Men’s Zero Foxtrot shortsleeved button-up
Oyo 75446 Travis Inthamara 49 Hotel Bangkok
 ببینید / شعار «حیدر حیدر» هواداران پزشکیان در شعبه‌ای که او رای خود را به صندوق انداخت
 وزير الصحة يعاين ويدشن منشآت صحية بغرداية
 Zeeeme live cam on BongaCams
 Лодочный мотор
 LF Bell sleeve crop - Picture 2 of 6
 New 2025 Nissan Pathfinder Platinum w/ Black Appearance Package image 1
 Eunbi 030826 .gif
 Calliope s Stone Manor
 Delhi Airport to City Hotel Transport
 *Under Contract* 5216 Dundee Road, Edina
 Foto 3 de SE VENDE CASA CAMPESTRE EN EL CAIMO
▬▬▬
_PROBLEM_: Your answer should be an exact transcription of the data above.

_OUTPUT_:
Men’s Zero Foxtrot shortsleeved button-up
Oyo 75446 Travis Inthamara 49 Hotel Bangkok
 ببینید / شعار «حیدر حیدر» هواداران پزشکیان در شعبه‌ای که او رای خود را به صندوق انداخت
 وزير الصحة يعاين ويدشن منشآت صحية بغرداية
 Zeeeme live cam on BongaCams
 Лодочный мотор
 LF Bell sleeve crop - Picture 2 of 6
 New 2025 Nissan Pathfinder Platinum w/ Black Appearance Package image 1
 Eunbi 030826 .gif
 Calliope s Stone Manor
 Delhi Airport to City Hotel Transport
 *Under Contract* 5216 Dundee Road, Edina
 Foto 3 de SE VENDE CASA CAMPESTRE EN EL CAIMO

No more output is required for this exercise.